Politique et culture ? Le bac nous interroge.

imagesLa lecture des sujets du bac, en philo, a dû susciter l’attention et la réflexion de beaucoup de lecteurs ; en a-t-il été de même chez les candidats à Pau ? J’espère.

J’ai toujours beaucoup d’incertitude, quand je pense à moi, il y a x années (!), sur la maturité conceptuelle des jeunes de 17 ou 18 ans pour aborder de telles réflexions. Il y a évidemment une préparation à cet exercice en classe mais, malgré tout, l’assimilation nécessaire de la théorie, et la personnalisation souhaitée de la pensée, ne reposent pas seulement sur une intuition, une assiduité et un travail sérieux mais en grande partie sur un vécu, une expérience, un acquis relationnel très étendu, très riche, très varié, pour être capable de porter un jugement au-dessus des partis(méthode historique et scientifique) et des parties (globalisation). L’environnement de nos jeunes, souvent «branchés» dans un domaine qui les mobilise totalement, est peu favorable à la compréhension de la complexité de la vie, d’ailleurs notre société de formatage ne les prépare absolument pas, bien au contraire !
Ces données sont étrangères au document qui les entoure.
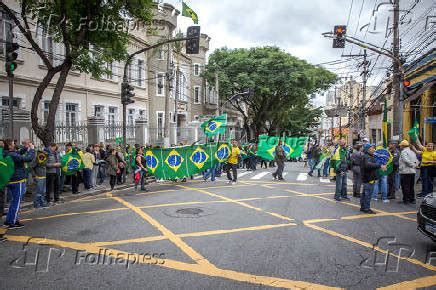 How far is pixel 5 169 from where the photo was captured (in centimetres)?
691

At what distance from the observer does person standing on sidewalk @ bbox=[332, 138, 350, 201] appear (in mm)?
10562

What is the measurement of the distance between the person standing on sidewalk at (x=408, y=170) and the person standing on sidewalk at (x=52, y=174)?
9876 mm

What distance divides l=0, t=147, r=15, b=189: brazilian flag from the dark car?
7.72m

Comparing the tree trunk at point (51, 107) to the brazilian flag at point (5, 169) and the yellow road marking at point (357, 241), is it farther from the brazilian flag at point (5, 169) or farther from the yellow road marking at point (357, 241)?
the yellow road marking at point (357, 241)

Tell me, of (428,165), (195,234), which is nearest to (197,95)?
(428,165)

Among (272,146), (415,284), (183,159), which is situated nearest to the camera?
(415,284)

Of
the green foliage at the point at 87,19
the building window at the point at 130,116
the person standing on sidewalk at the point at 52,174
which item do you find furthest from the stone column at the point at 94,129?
the building window at the point at 130,116

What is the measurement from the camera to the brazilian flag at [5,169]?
6840 mm

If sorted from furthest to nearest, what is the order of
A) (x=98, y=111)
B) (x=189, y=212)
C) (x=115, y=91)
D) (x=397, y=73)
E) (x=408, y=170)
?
(x=115, y=91) → (x=98, y=111) → (x=397, y=73) → (x=408, y=170) → (x=189, y=212)

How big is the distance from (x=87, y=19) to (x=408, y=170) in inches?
438

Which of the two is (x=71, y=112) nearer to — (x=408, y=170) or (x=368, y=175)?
(x=368, y=175)

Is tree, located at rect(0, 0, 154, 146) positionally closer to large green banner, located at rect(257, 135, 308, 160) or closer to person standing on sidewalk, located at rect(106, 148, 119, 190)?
person standing on sidewalk, located at rect(106, 148, 119, 190)

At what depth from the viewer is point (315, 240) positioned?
6.46 meters

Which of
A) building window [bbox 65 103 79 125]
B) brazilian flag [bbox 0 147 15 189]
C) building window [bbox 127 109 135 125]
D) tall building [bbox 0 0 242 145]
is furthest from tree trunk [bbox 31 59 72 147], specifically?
building window [bbox 127 109 135 125] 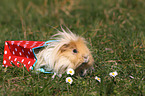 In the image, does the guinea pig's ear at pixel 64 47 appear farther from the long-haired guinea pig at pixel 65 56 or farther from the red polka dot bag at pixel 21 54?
the red polka dot bag at pixel 21 54

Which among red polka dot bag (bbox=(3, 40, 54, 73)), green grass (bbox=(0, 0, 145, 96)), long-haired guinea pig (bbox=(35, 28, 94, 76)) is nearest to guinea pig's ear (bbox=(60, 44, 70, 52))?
long-haired guinea pig (bbox=(35, 28, 94, 76))

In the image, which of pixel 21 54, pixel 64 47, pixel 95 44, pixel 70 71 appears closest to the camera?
pixel 70 71

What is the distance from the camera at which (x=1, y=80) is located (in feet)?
9.23

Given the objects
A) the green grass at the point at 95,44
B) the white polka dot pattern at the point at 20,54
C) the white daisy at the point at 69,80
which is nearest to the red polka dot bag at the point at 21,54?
the white polka dot pattern at the point at 20,54

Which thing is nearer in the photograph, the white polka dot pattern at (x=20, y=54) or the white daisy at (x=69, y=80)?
the white daisy at (x=69, y=80)

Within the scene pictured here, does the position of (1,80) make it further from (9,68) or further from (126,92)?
(126,92)

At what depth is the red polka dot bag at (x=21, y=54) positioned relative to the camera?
2955 mm

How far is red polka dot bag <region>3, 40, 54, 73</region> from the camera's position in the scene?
9.70 ft

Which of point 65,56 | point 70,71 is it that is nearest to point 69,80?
point 70,71

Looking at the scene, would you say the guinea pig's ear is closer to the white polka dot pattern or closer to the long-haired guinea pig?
the long-haired guinea pig

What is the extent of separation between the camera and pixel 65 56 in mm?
2910

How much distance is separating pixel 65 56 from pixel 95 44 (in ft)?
3.82

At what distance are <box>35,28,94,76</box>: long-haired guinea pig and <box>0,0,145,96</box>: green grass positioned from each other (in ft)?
0.49

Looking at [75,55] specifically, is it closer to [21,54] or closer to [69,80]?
[69,80] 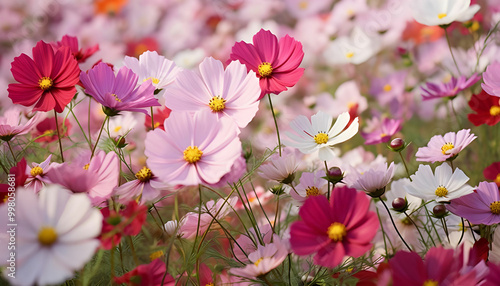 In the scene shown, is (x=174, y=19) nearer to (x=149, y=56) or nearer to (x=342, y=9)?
(x=342, y=9)

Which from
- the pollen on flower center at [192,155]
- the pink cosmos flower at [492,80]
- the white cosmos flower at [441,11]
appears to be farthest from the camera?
the white cosmos flower at [441,11]

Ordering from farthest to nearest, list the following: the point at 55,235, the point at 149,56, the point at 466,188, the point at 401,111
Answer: the point at 401,111 → the point at 149,56 → the point at 466,188 → the point at 55,235

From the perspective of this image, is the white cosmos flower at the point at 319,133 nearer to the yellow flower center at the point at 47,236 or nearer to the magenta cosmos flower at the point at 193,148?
the magenta cosmos flower at the point at 193,148

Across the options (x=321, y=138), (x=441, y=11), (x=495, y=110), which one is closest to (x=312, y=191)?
(x=321, y=138)

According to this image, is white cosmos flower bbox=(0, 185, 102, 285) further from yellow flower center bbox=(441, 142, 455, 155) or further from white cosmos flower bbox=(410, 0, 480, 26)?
white cosmos flower bbox=(410, 0, 480, 26)

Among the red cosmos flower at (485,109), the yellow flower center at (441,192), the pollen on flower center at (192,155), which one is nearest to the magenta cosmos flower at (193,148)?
the pollen on flower center at (192,155)

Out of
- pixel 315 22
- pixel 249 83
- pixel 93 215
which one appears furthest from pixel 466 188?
pixel 315 22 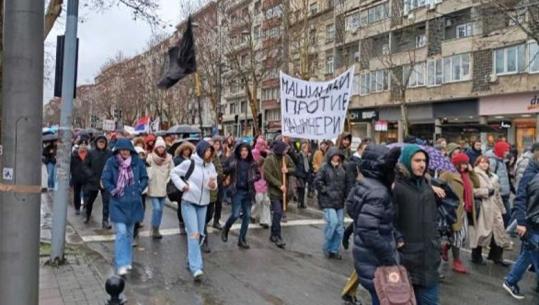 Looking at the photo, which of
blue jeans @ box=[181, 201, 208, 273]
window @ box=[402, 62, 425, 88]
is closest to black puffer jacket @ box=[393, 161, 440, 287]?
blue jeans @ box=[181, 201, 208, 273]

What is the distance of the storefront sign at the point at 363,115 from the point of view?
145 feet

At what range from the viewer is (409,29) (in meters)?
39.7

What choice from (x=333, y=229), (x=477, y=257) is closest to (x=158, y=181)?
(x=333, y=229)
J’ai trouvé que le texte de Machiavel, dans «Le Prince», section S, était d’une brûlante actualité (voir le texte en pièce jointe) ; il abordait à une époque où la question ne se posait pas, le problème de l’adaptation à l’environnement et à la complexité.
De plus, le fait qu’il ait été proposé dans une section scientifique c’est-à-dire de futurs candidats à des fonctions de réflexion, décision et action dans tous les domaines : économique, politique…, est une bonne chose car cela devrait permettre une élévation des connaissances calamiteuses de nos politiciens, ministres, et bien d’autres ! Les économistes ne sont pas exclus, eux qui s’imaginent faire de la science en manipulant des chiffres, des moyennes, des statistiques, des probabilités…!
Si le décalage dans le temps est énorme, la similitude est grande. Machiavel, et notre société actuellement, se situent dans l’entre-temps d’une période faste : la Renaissance naissante ou les trente glorieuses en amont, et, en aval, les conflits internes et externes, les révolutions politiques, les invasions, qu’elles soient espagnoles et françaises, terroristes, commerciales, financières ou polluantes.
Au début, Machiavel «n’ignore pas que beaucoup ont pensé et pensent encore que les choses du monde sont gouvernées par Dieu et par la fortune, et que les hommes, malgré leur sagesse, ne peuvent les modifier, et n’y apporter même aucun remède.»
Il est bien vrai que du temps de Machiavel (début du XVIème) et après, Dieu est le grand organisateur : A propos d’un tremblement de terre et du passage d’une comète « En estant au 21 juin 1660 il arriba à Doazit et généralement par toute la Chalosse et embirons……»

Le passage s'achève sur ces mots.